Primo Levi. Trilogía de Auschwitz. Traducción de Pilar Gómez Bedate. Prólogo de Antonio Muñoz Molina. Barcelona (España), E
Después de Auschwitz, escribir poesía resulta bárbaro, y este hecho corroe aun el pensamiento que dice por qué hoy se ha vuelto imposible escribir poesía. La conocida frase de Adorno adquiere mayor espesor al leer los tres libros más conocidos de Primo Levi y que El Aleph ofrece ahora en un solo volumen.
Escritos al final de la guerra, el autor da cuenta de los días que siguieron a su captura en Italia, su traslado a Auschwitz (enero, 1944), su breve y doloroso paso por el Lager y su liberación (Si esto es un hombre), su intenso viaje por Polonia, parte de Rusia, Rumania, Hungría, Austria, Alemania, hasta Turín, su ciudad natal (La tregua), y sus posteriores reflexiones acerca de toda su feroz experiencia (Los hundidos y los salvados). En una escritura distante, como si los hechos le ocurrieran a otro, repasa sin odio y sin rencor su experiencia en los días finales de la última gran guerra, los más atroces de la historia europea contemporánea.

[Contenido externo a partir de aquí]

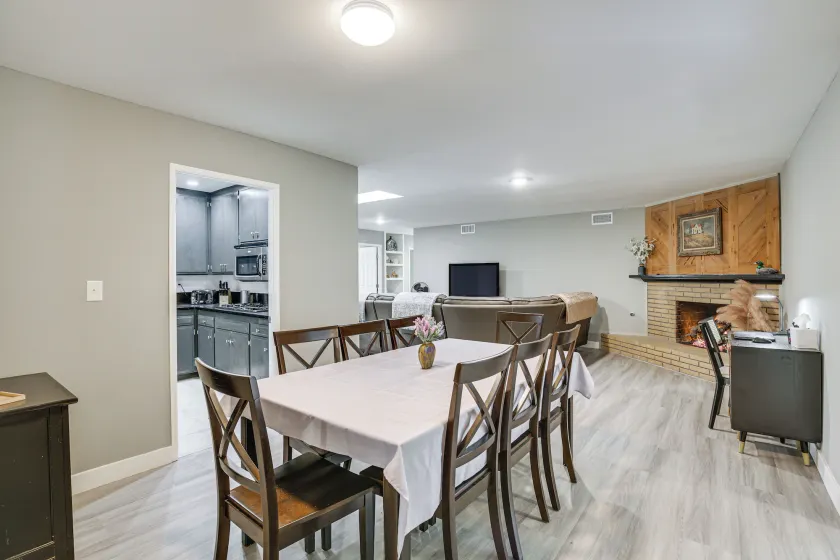 Spacious Home with Jacuzzi BBQ & Foosball - Image 1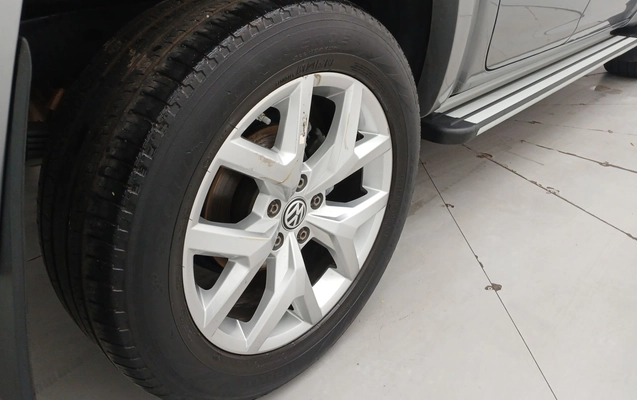 imagem-https://www.socarrao.com.br/sc-vehicle-images-prod/3958836/1789787549244-1_020826.jpg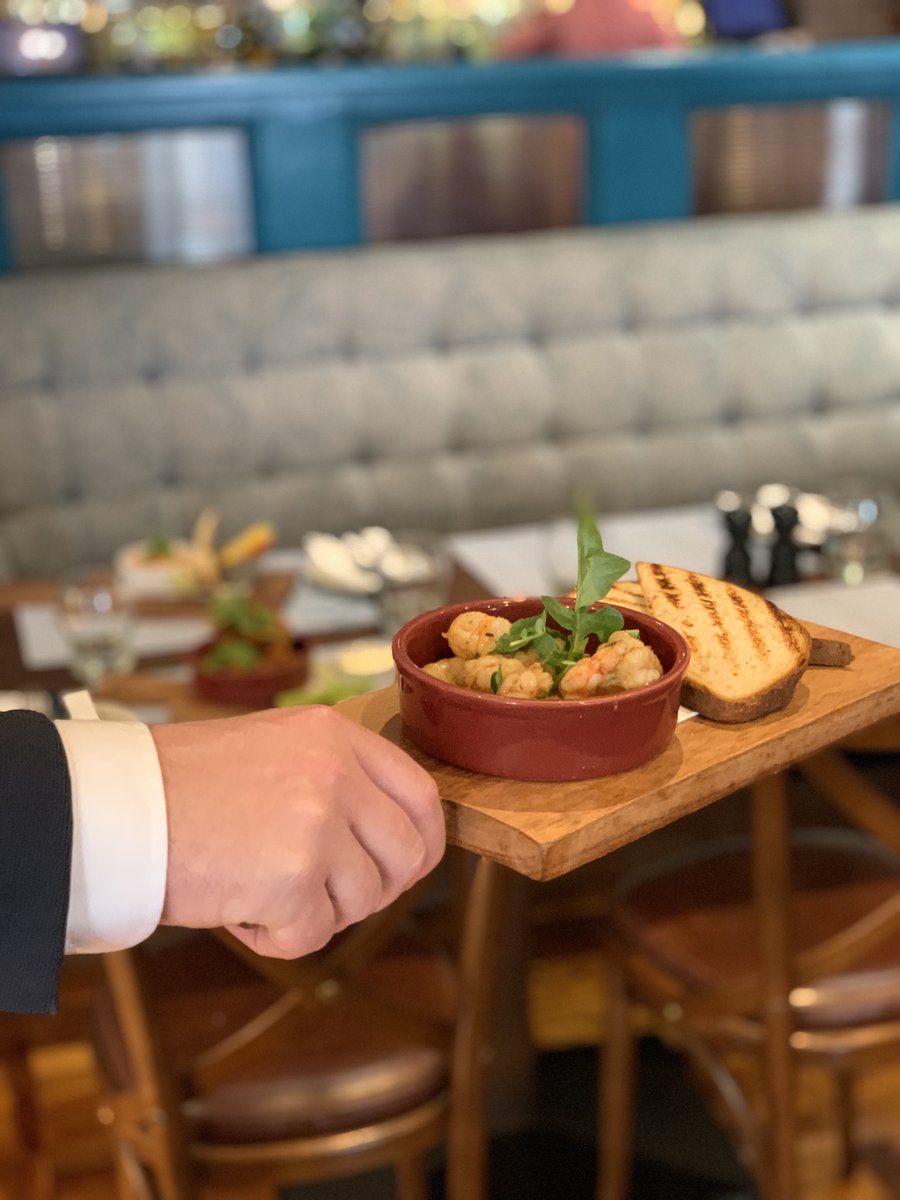 McGettigansDub's tweet image. Treat yourself to our delicious dining this May with our expertly cooked dishes &amp;amp; warm hospitality, perfect spot for catching up with friends &amp;amp; family. 

#dailydining #diningindublin #dublincity #dublin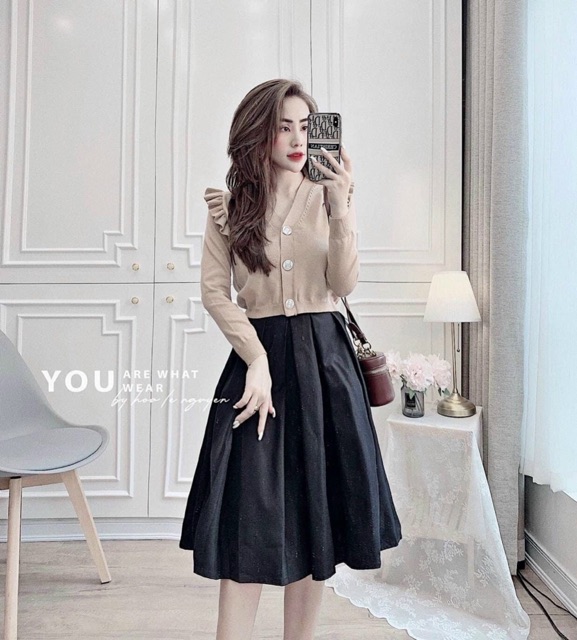 BÁN SỈ ÁO LEN KHOÁC BÈO VAI ĐEN VÀ BE CHO NỮ | BigBuy360 - bigbuy360.vn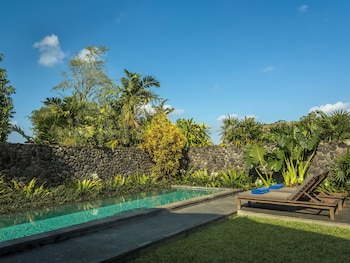 Villa (Pool)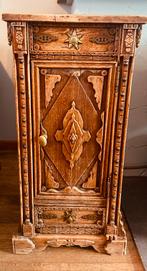 Antiek nachtkast mooie houtbewerking handgesneden, Ophalen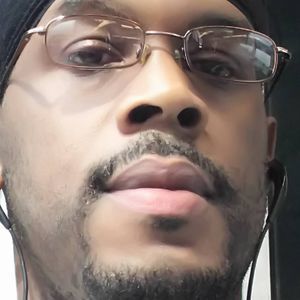 Meet your Posher, Nige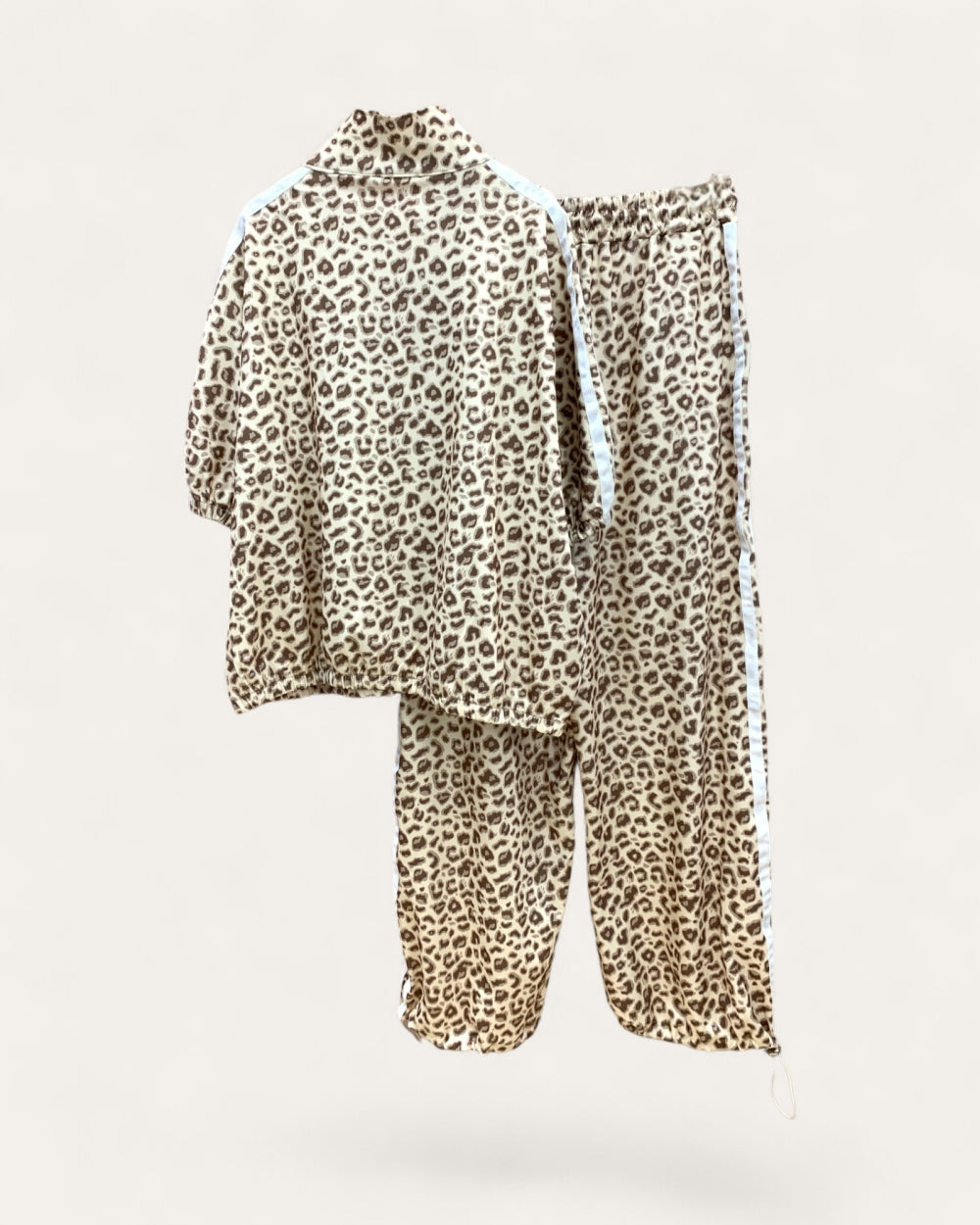 24732_BEIGE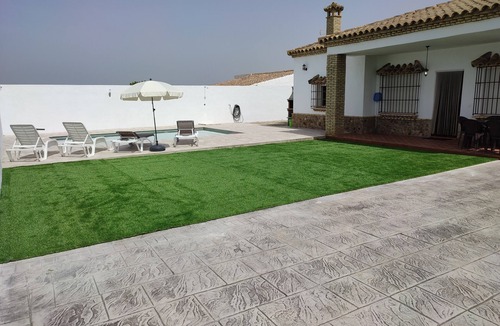 Conil de la Frontera House | Holiday Home 'Finca la Vigía' with Private Pool & Wi-Fi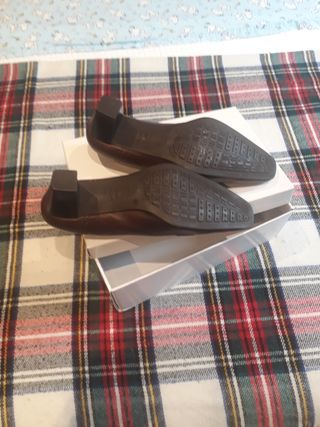 Zapatos de tacón medio nuevos pitillos 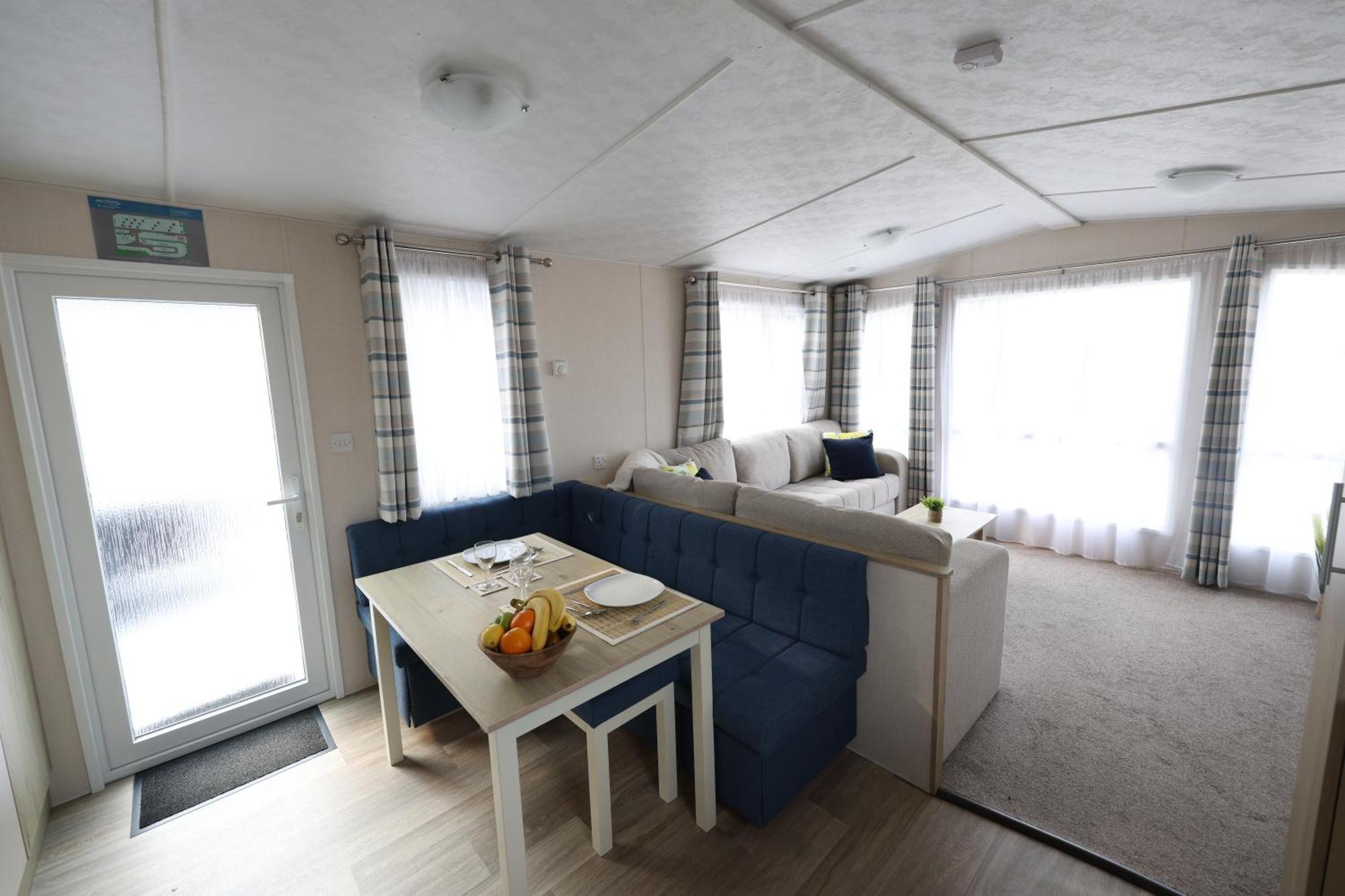 Mercury Yacht Harbour And Holiday Park Bursledon Esterno foto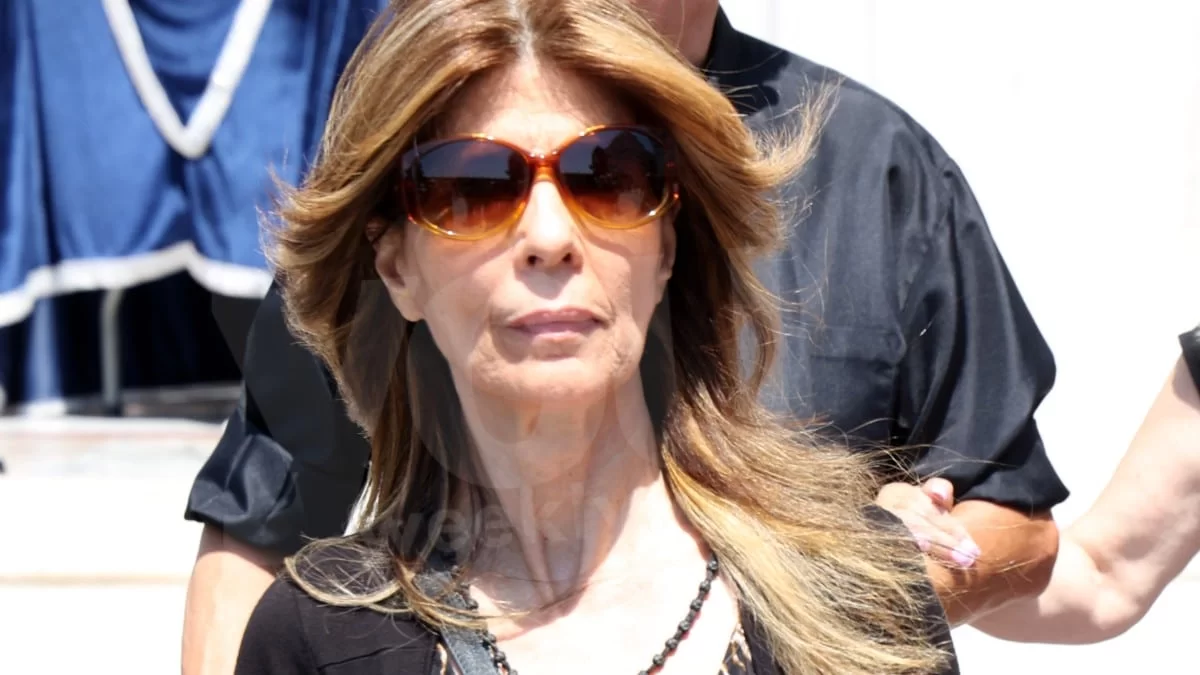 «Ο Θεός να τον αναπαύσει Παναγία μου...» - Βυθισμένη στη θλίψη η Κατερίνα Στανίση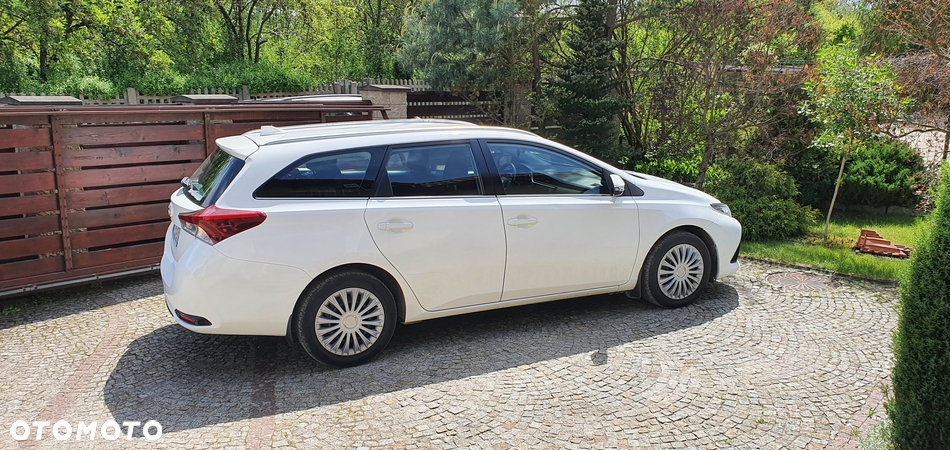 Toyota Auris 1.33 VVT-i Comfort - 3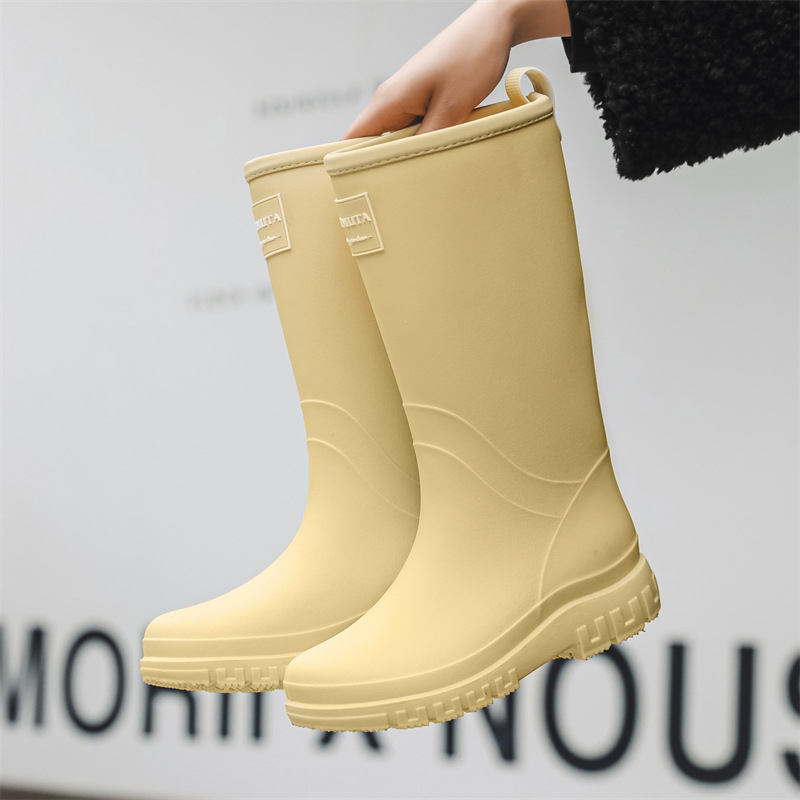 Női esőcsizmák PVC felsőrésszel, középmagas cső, alacsony sarok 1–3 cm, egybeöntéses formázás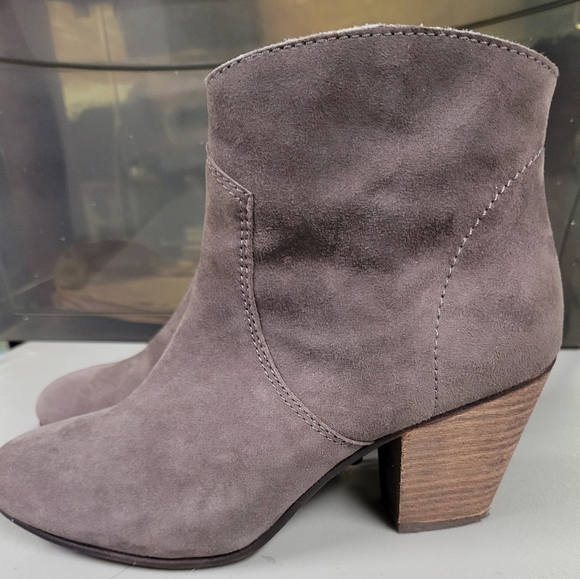 Boden Western Ankle Boots Gray Suede Stacked Heel EU 38 Womens - Picture 2 of 4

Si su primer libro (1947) se convierte en uno de los más importantes títulos publicados en Europa en el siglo XX, los posteriores apuntalan su reconocimiento en territorios distintos a los de la literatura autobiográfica. Hannah Arendt echa mano de sus testimonios cuando habla acerca de la banalidad del mal y Giorgio Agamben ilustra su concepto de Homo sacer y de biopolítica a partir de estas lecturas, que ponen en vilo conceptos elementales de la vida en sociedad: la política, la ética, la estética, la solidaridad, el papel de los intelectuales, el valor de la mera vida humana). Al tocar con gravedad los cimientos mismos, este título es mucho más que un libro de testimonios.
«Escribo aquello que no sabría decir a nadie», confiesa Levi en una línea. Lo hablado no sabe declarar lo sufrido. Sólo la distancia y la escritura pueden hacerlo, antes de que la vida se convierta de nuevo, por nuestras torpezas, en un infierno. Imprescindible en los actuales momentos políticos del mundo y de nuestro continente, la obra de Primo Levi se levanta como uno de los más humanos y amorosos testimonios contra cualquier intento de olvidar el Mal, sin querer hacer de su experiencia una llaga dolorosa o un espacio para la queja perpetua e improductiva.
Esta edición está acompañada de un luminoso texto de Antonio Muñoz Molina, quien ha sabido agradecer también esta lectura en su novela de novelas, Sefarad.